Why does the body need fat?
What is commonly called fat is referred to as lipids in nutritional and medical jargon. These lipids have an extremely important role for the body.
First of all, fats form the main source of energy , twice as much as proteins or carbohydrates. Via a phenomenon called lipogenesis (1) which occurs in adipose tissue, lipids are transformed into energy reserves. These fat reserves make it possible in particular to manage intense physical efforts .
Lipids consist in particular of triglycerides, cholesterol and phospholipids. These components must be perfectly balanced in the body so as not to increase the risk of heart or vascular diseases. To achieve this, diet and a good distribution between good and bad fats play a crucial role, often more than physical activity.
Saturated fats: bad fats?
We often tend to confuse saturated fatty acids with trans fatty acids. The former are found in natural products while the latter have undergone industrial processing . These are the ones that must be avoided at all costs.
Saturated fats are found in animal fats (milk, butter, meat, bacon bits, etc.) but also in certain vegetable oils such as coconut oil or palm oil.
These fats are triglycerides. Consumed in too large quantities, they promote the production of bad cholesterol in the body and can cause cardiovascular disorders . This is why they are sometimes considered “bad fats”. However, you don’t have to completely eliminate them from your diet. The most important point is to consume them in limited quantities .
Vegan diets are virtually free of saturated fatty acids. It is very rare to find high cholesterol levels in people who follow this diet.
Unsaturated fats: the good fats
To find the perfect balance between good and bad fats, you have to focus on unsaturated fats. These are lipids that are called “good fats”, and that are found mainly in the plant world.
Among these fats, we distinguish between monounsaturated and polyunsaturated fatty acids. In the first category, we mainly find Omega-9. These have the effect of lowering the level of bad cholesterol but also of calming certain inflammatory reactions.

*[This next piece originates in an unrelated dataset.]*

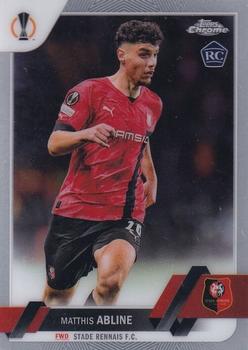 #167 Matthis Abline - Stade Rennais FC - 2022-23 Topps Chrome UEFA Club Competitions Soccer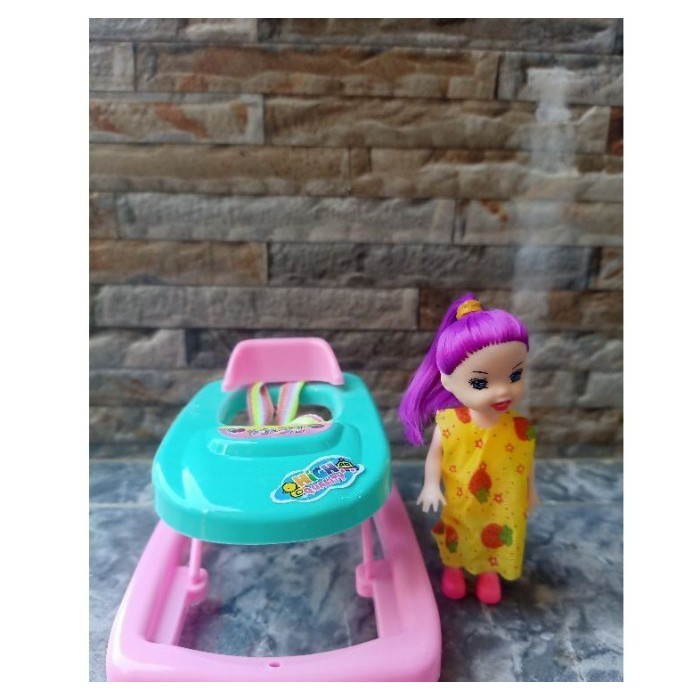 FU1128 BABY WALKER CUTE MINI / BABY WALKER BONEKA - AKSESORIS BONEKA Lucu Anak Perempuan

Olive oil is very rich in it, as is peanut oil. Avocados, nuts and nuts also contain it.
Polyunsaturated fats mainly concern Omega-3 and Omega-6, essential fatty acids because the body cannot produce them. They must then come from food. Fatty fish such as salmon, herring or tuna are rich in Omega-3, as are oil and flax seeds or raw spinach. Omega-6s are found in certain oils that are liquid at room temperature, such as grape seed, sunflower, walnut or peanut oil.
Attention, it is essential to maintain a good balance between the ingestion of Omega-3 and Omega-6. Thus, it avoids a risk of developing chronic diseases. In general, the French consume too much Omega-6 because many industrialists use sunflower oil in their products, because of its low cost. A good balance between fatty acids thins the blood and reduces certain inflammatory phenomena.
Stephen Paul is the lead author and founder of My Health Sponsor. Holder of a diploma in health and well-being coaching with more than 200 articles in the field of health, he makes it a point of honor to offer advice based on reliable information, based on scientific research, and verified by health professionals.